Copy without pictures. Please restate each line of the listing exactly.

- Material provided
────────────────────────────────────────

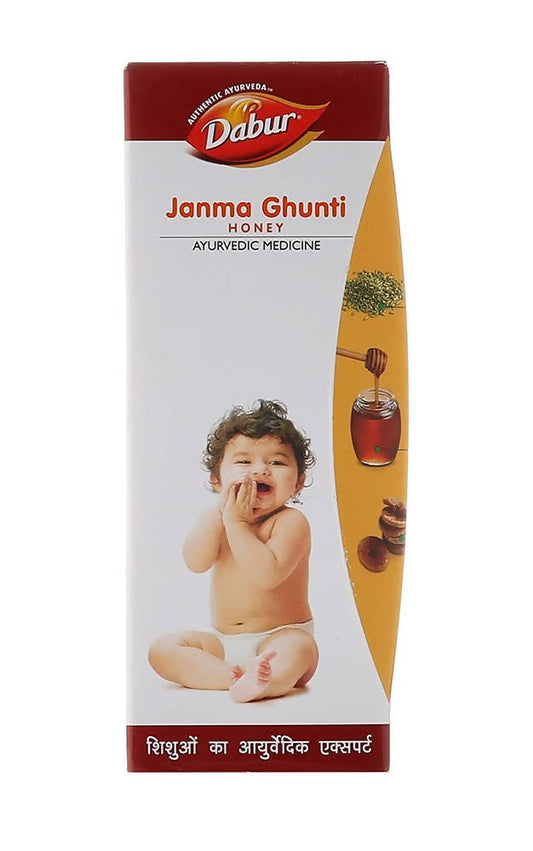 Buy Dabur Janma Ghunti Honey from DrMediCart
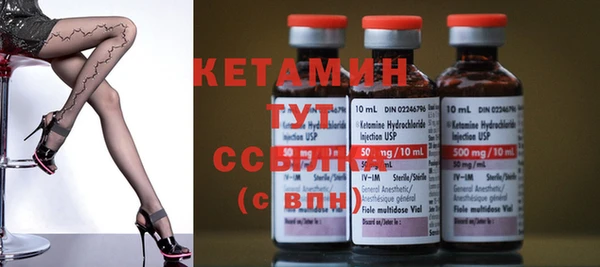 альфа пвп VHQ Горнозаводск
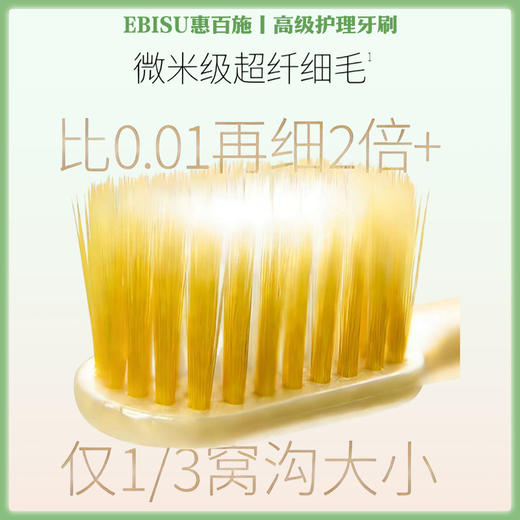 EBISU惠百施牙刷 软毛成人宽头细毛超软型号 51 【一般贸易仓发货】 商品图2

────────────────────────────────────────

- Worked solution
 Buy Dabur Janma Ghunti Honey from DrMediCart
 альфа пвп VHQ Горнозаводск
 EBISU惠百施牙刷 软毛成人宽头细毛超软型号 51 【一般贸易仓发货】 商品图2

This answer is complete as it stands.